Work request: Everything from the line that contains "Summer Stretch Training" through the last line below should be transcribed exactly, except the pictures.
..............................
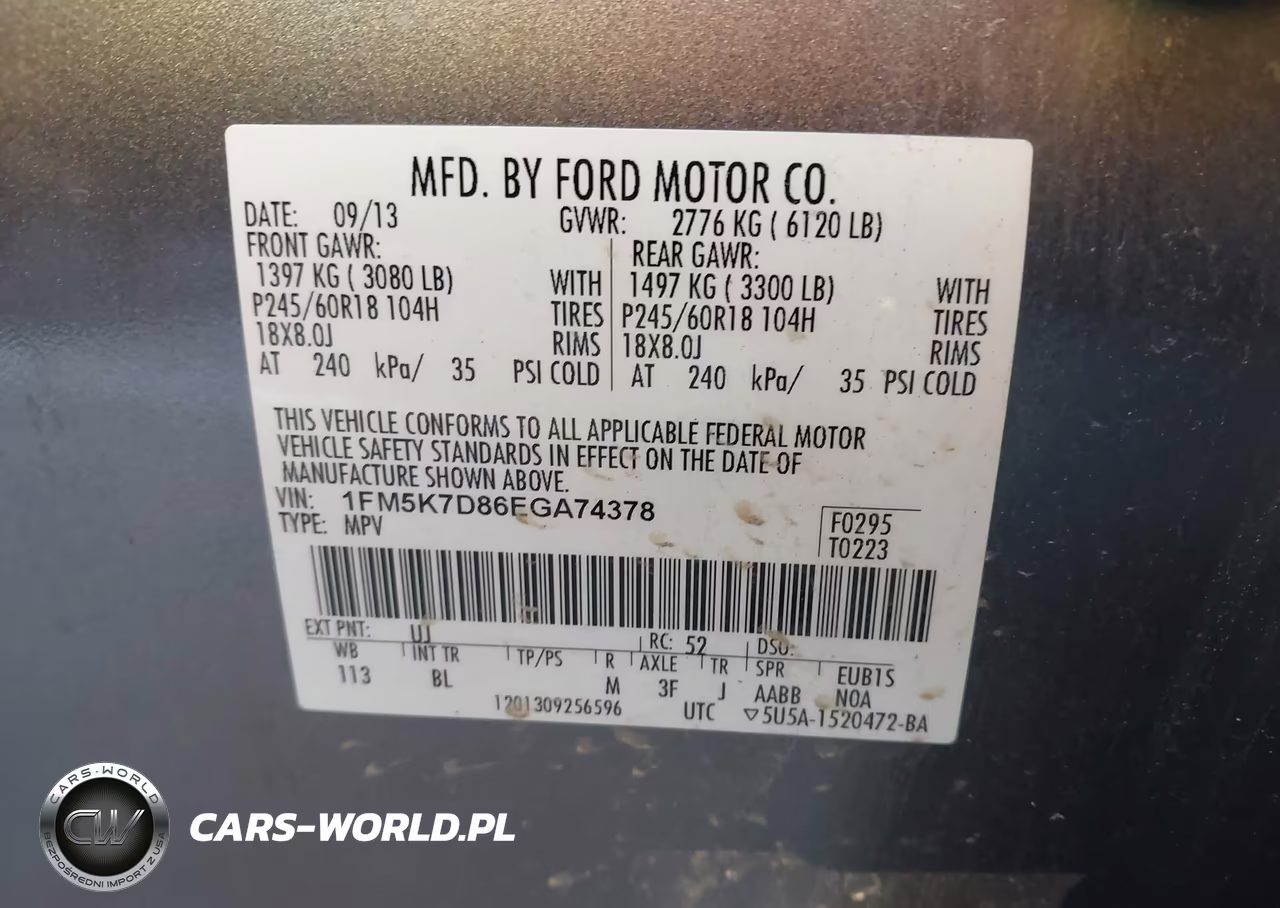 2014 Ford Explorer Xlt VIN:1FM5K7D86EGA74378 - 9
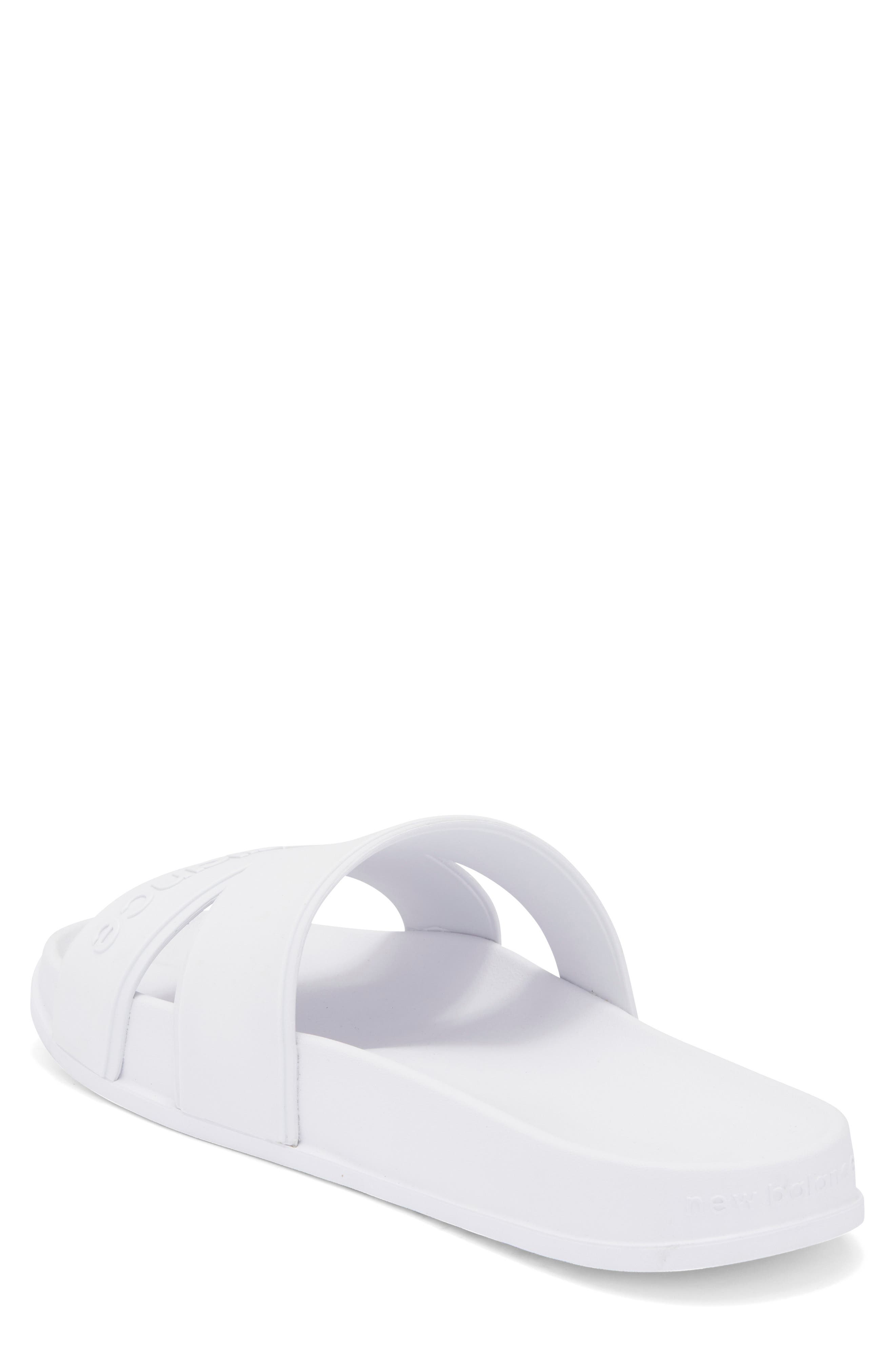 New Balance 20s Slide Sandal, Alternate, color, White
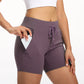 Summer Stretch Training Pocket Fitness Shorts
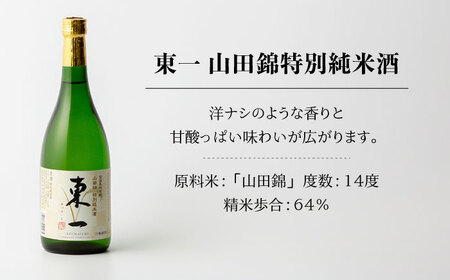 【定期便】 日本酒 東一 山田錦特別純米酒 NBQ114 日本酒 全6回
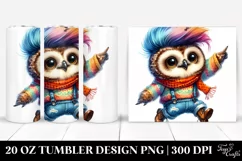 Baby Owl Jumping | 20 oz Tumbler Product Image 1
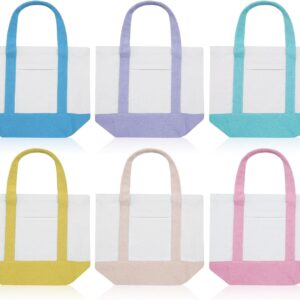 Sacs fourre-tout Eccliy Mini Tote Sacs 13&nbsp;» x 11&nbsp;» x 6&nbsp;» Petit sac de courses en vrac avec poignée de poche Blank Heavy Duty Recyclable Recyclable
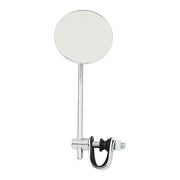 MCS Round Clamp-on Style Steel Mirror, 3" with 6" Stem – 65-UP H-D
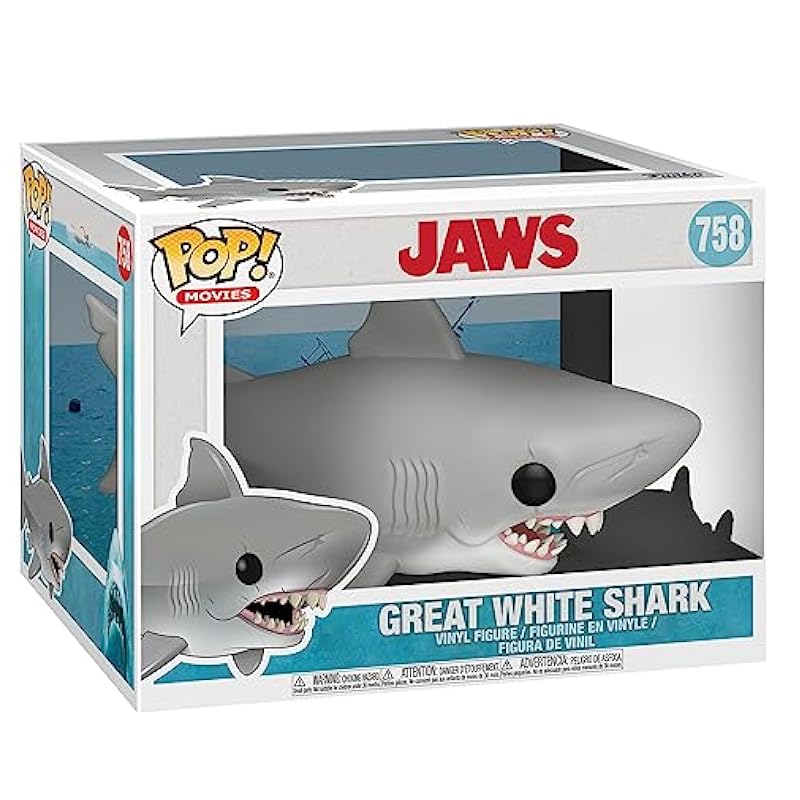 Action Figures Funko Funko POP Pop | Movies: Jaws - Jaws 6'', MultiMulticolor Multicolor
..............................
Solution for this problem:
 Summer Stretch Training Pocket Fitness Shorts
 【定期便】 日本酒 東一 山田錦特別純米酒 NBQ114 日本酒 全6回
 Baby Owl Jumping | 20 oz Tumbler Product Image 1
 Sacs fourre-tout Eccliy Mini Tote Sacs 13&nbsp;» x 11&nbsp;» x 6&nbsp;» Petit sac de courses en vrac avec poignée de poche Blank Heavy Duty Recyclable Recyclable
 MCS Round Clamp-on Style Steel Mirror, 3" with 6" Stem – 65-UP H-D
 Action Figures Funko Funko POP Pop | Movies: Jaws - Jaws 6'', MultiMulticolor Multicolor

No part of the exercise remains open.